The two groups urged the city government of Manila and the National Historical Commission of the Philippines to stand their ground to keep the statue and host many more actions to raise public awareness about comfort women.
The statue stands at the corner of Roxas Boulevard and Quirino Avenue in Manila.
“Honoring our past and drawing lessons from it is a patriotic right and duty,” Gabriela vice chairperson Gert Libang said.
The Japanese embassy reportedly reminded the city government that sisterhood ties between San Francisco in the United States and Osaka were severed because of a comfort woman statue erected on private land.
Gabriela alleged that Japan may turn to trade sanctions and delays in fund transfers to compel the government to remove the statue, which was commissioned by the Tulay Foundation, a Chinese-Filipino civic group.

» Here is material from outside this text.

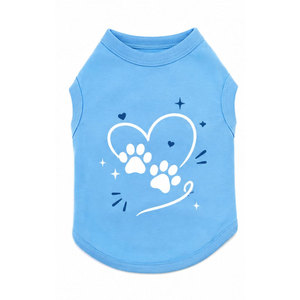 WATZY SPORTS T-shirt bleu pour animaux de compagnie, imprimé patte de chat et cœur, vêtements unisexes pour chiens adultes - Product Image 2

Gabriela and Lila Pilipina, whose members were forced into sexual slavery by the Japanese army during World War II, said they want the statue to remain as a reminder that Japan “should honestly do what the comfort women have been demanding for decades, that is official recognition, official apology, and official direct reparations,” Libang said.
Tokyo issued an apology in 1993, which acknowledged the military’s involvement in the coercive brothel system but refused to admit government’s direct hand in it.